If a project being the subject of one National Audit Office (NAO) report is a misfortune, and of two careless, what does it mean when it reaches a third?
It was “a display of scant regard for protecting public money,” according to the NAO, whose normally clipped language was noticeably absent from a scathing report last week on the Rural Payments Agency (RPA).
The agency has provided a masterclass in government IT mismanagement. Set up to administer payments to farmers under the Common Agricultural Policy in 2005, the RPA has had three different chief operating officers overseeing the scheme. The agency has incurred £680m of unforeseen costs since 2005, and faces further fines from the EU if its system fails. It costs six times as much to administer payments through RPA as it does in Scotland – £1,700 per claim.
The IT systems for the scheme cost £350m and the main contractor Accenture has been paid £84m in the last two years, more than double the original £36m forecast. So what went wrong?
When the system was introduced it was rushed in an overly tight time frame – putting pressure on systems and staff.
It was also task based – different people worked on different parts of a case. The idea was to generate efficiency savings, but this failed because of communication issues. As part of a review in 2007, this was changed to a case-based approach, but problems persist.
Subsequent changes to the software were invasive – around a third involved changing the source code. And mistakes in data are embedded and difficult to root out, according to Philip Gibby, director of Defra value for money studies at the NAO.
“Each year the same inaccurate data is processed again and each year mistakes in payments come through,” he said.
The number of overpayments is uncertain, but the NAO estimates they total between £55m and £90m.
In 2007, analyst Gartner recommended an overhaul of the system, but changes made since then have not been recorded properly. “Records haven’t been made of changes to the systems, so nobody knows what’s been done,” said Gibby.

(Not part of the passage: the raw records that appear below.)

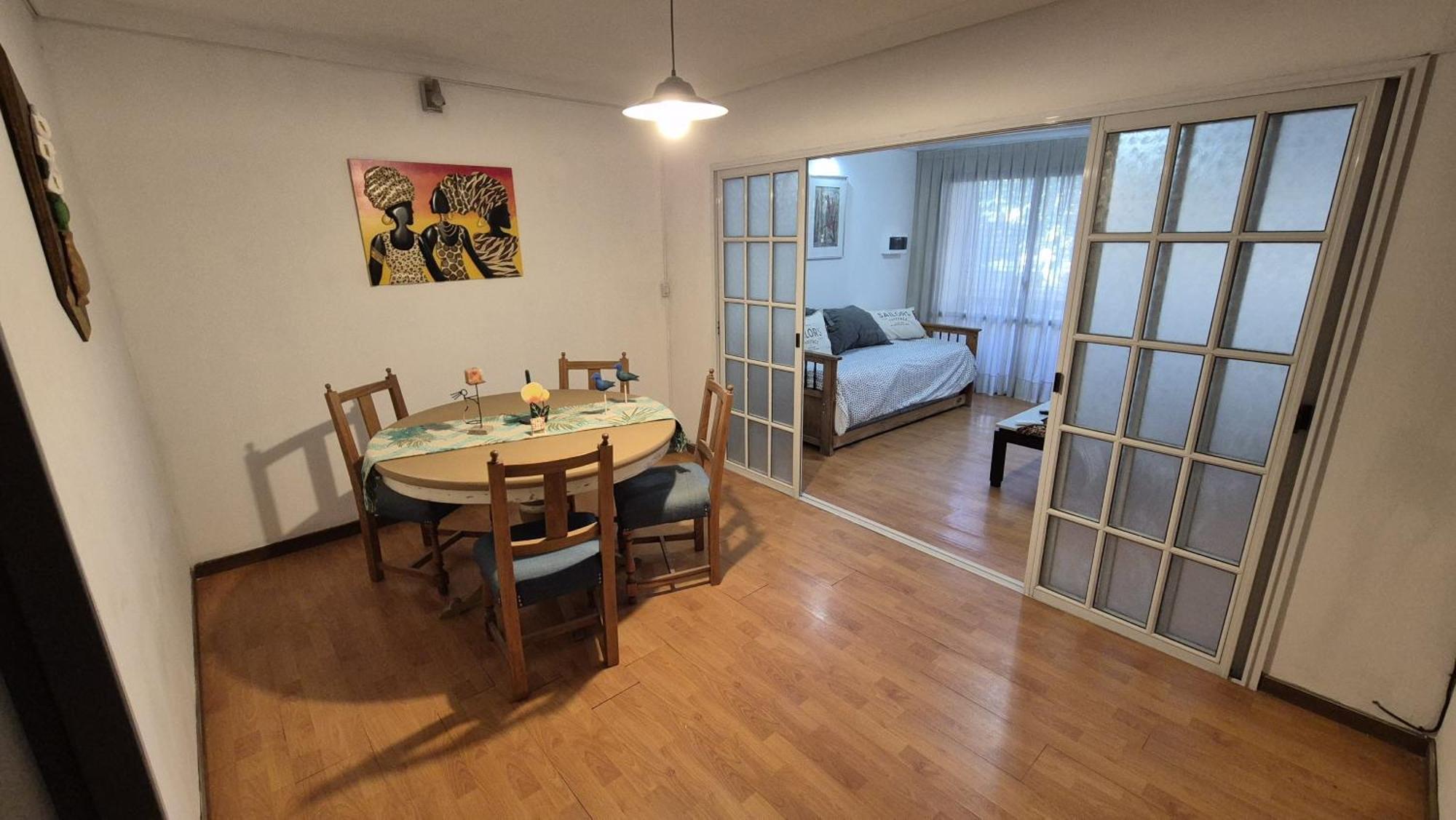 Andes View Apartamento Mendoza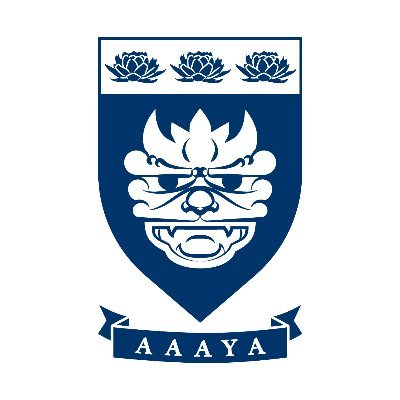 Association of Asian American Yale Alumni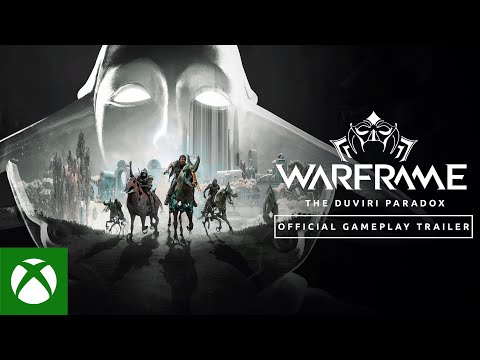 Warframe | The Duviri Paradox Official Gameplay Trailer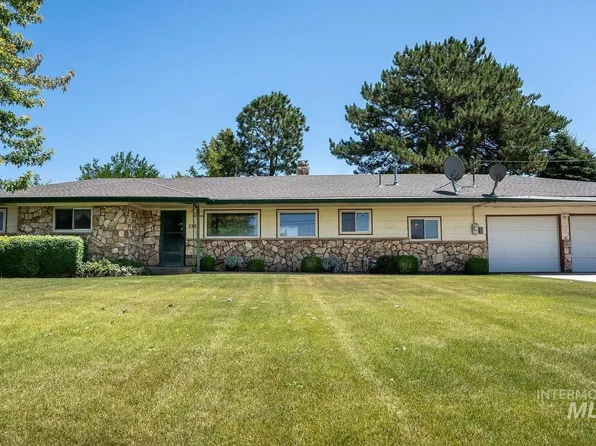 3302 S Midland Blvd, Nampa, ID 83686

These changes going unrecorded risks tying the agency into support contracts with suppliers, because the system is so bespoke that others would not be able to take over its operation. “It will be difficult to move away from those contractors,” said Gibby.
The NAO recommends the agency look at scrapping the IT system completely, but this is difficult because under EU law the RPA must continue to process payments while purchasing a new system – raising the possibility of having two systems on the books at once.
Even though the project was triggering alarms inside the RPA in 2008, 13 out of 15 reports sent to the Department for Environment, Food and Rural Affairs (Defra) were “green lights”.
Defra is conducting a review of the scheme and officials will be hauled before the Public Accounts Committee later this month.
But action is needed soon. If the current creaking system did stop working – a situation the NAO does not rule out – and payments were not made, the department would face EU fines as high as £6bn.
A tale of delays, mispayments and spiralling costs
In 2005, the single payments scheme was introduced as part of reforms to the EU
Common Agricultural Policy to pay subsidies to farmers based on land area. The
Rural Payments Agency (RPA) was set up to deliver the payments.
A year later, the agency experienced difficulty in processing payments on time and was fined by the EU. The problems generated a backlog of work that it struggled to clear.
In 2007, payments were being made on time, but of the wrong amounts. The RPA has set aside £290m in anticipation of further EU fines for these mistakes. A review by Gartner recommended a new system but the agency decided to upgrade instead. It has since spent £130m on IT upgrades, but payments are still inaccurate and expensive to process, according to the NAO.